• _Records to process_:
═══

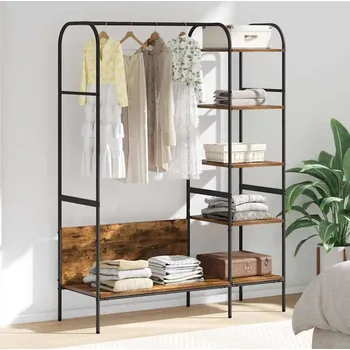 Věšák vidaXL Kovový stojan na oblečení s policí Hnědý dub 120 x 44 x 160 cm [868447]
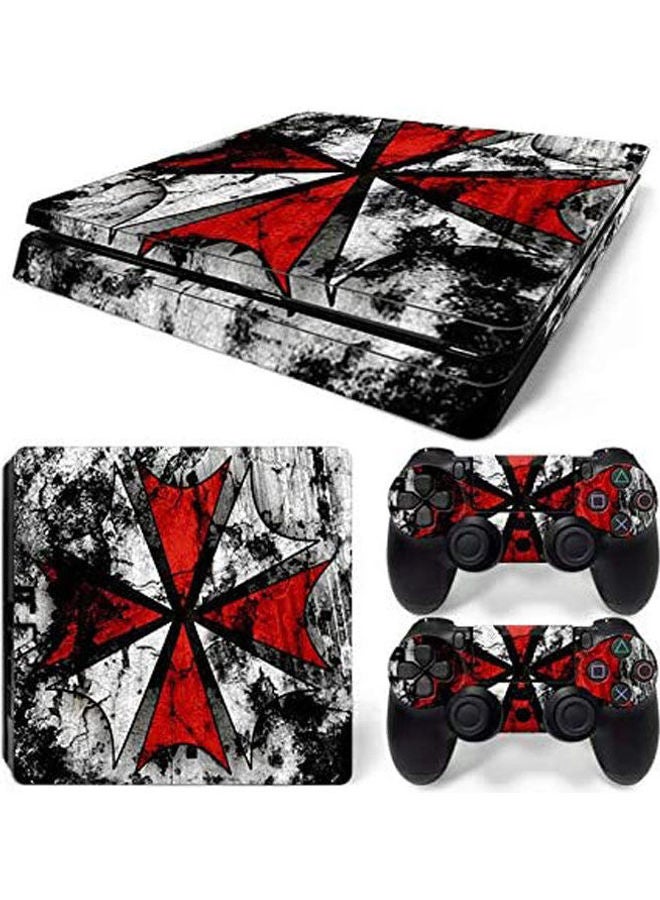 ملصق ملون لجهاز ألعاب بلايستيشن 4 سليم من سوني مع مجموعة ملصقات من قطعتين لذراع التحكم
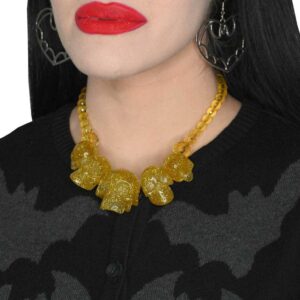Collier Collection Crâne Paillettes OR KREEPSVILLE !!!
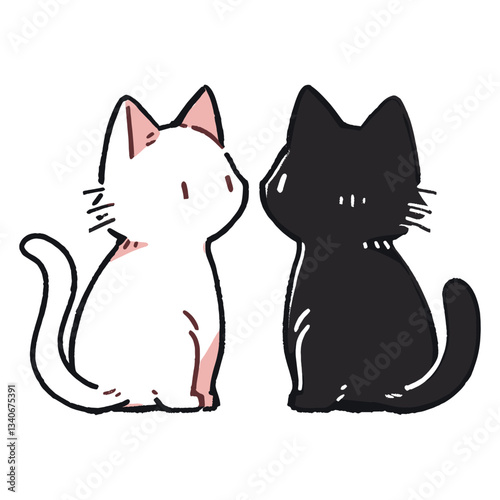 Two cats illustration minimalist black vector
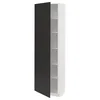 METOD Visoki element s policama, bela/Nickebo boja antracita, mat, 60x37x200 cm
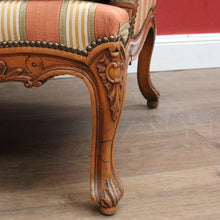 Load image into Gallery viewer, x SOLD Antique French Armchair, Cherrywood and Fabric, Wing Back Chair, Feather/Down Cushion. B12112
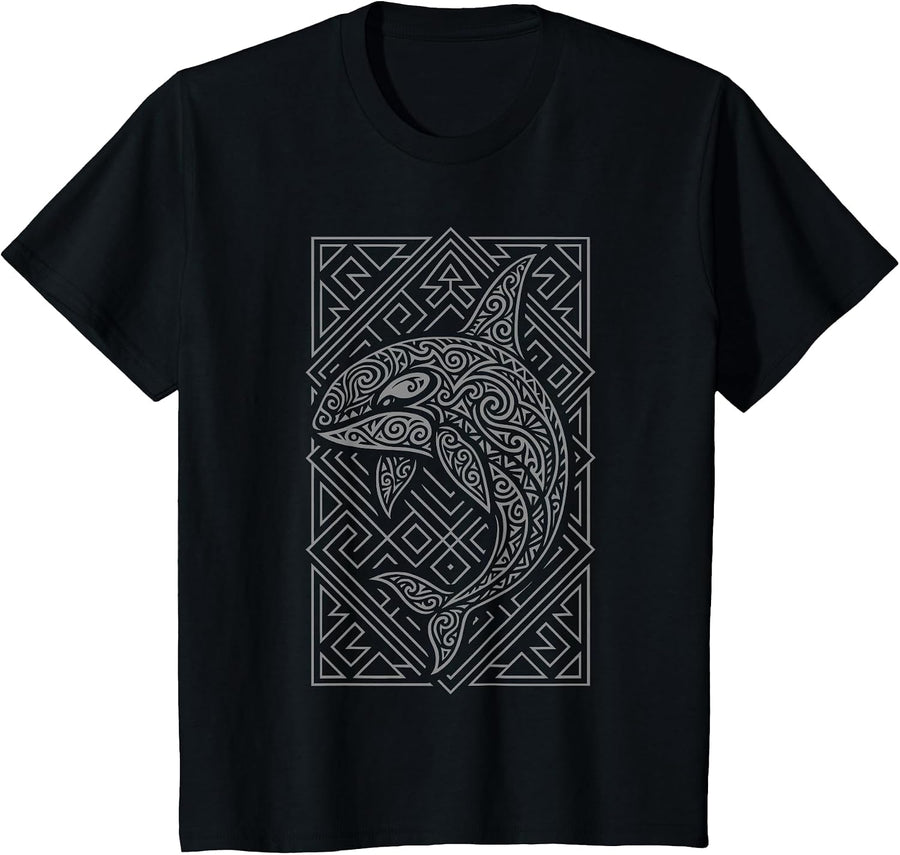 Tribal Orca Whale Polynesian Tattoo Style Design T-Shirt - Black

═══

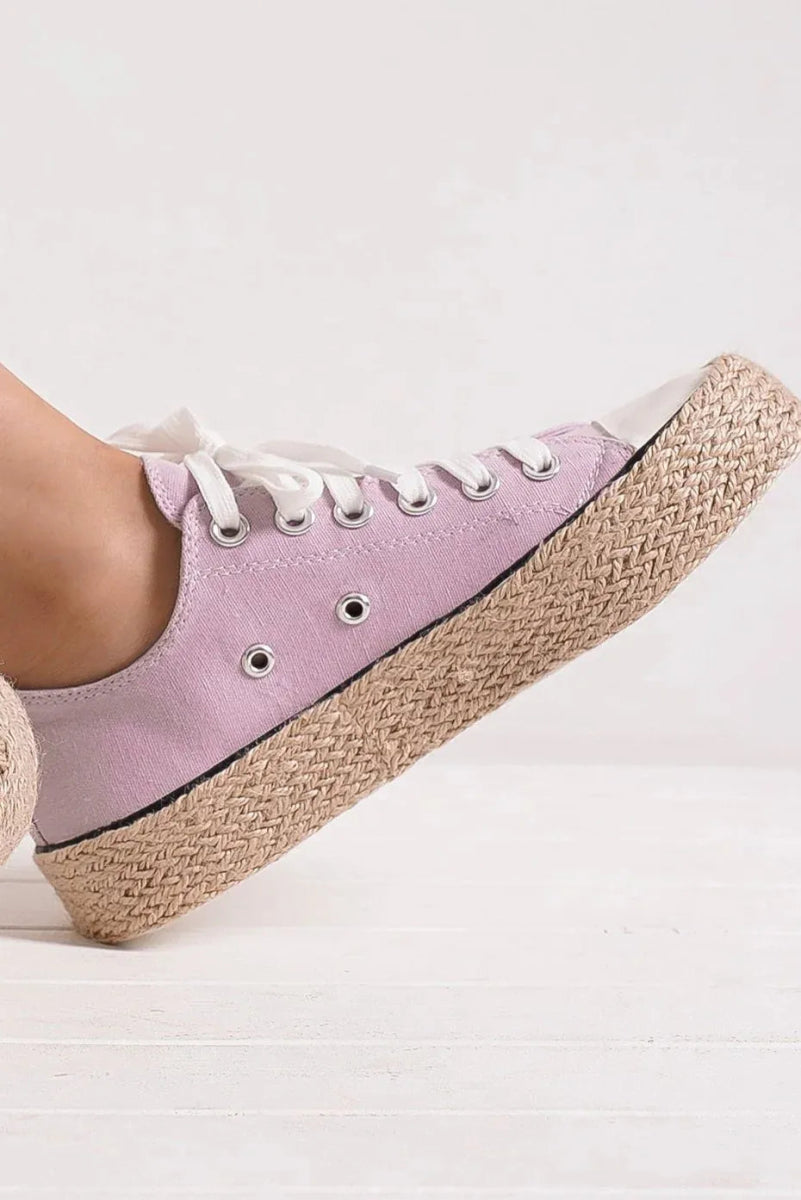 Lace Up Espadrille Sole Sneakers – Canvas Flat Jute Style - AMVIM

═══

• _Exercise_: Among the entries above, find the line with "Collier Collection Crâne" and repeat exactly from there through the line with "Tribal Orca Whale", leaving out the pictures.

• _Solution to the problem_:
Collier Collection Crâne Paillettes OR KREEPSVILLE !!!
 Two cats illustration minimalist black vector
 METOD Visoki element s policama, bela/Nickebo boja antracita, mat, 60x37x200 cm
 Load image into Gallery viewer, x SOLD Antique French Armchair, Cherrywood and Fabric, Wing Back Chair, Feather/Down Cushion. B12112
 Tribal Orca Whale Polynesian Tattoo Style Design T-Shirt - Black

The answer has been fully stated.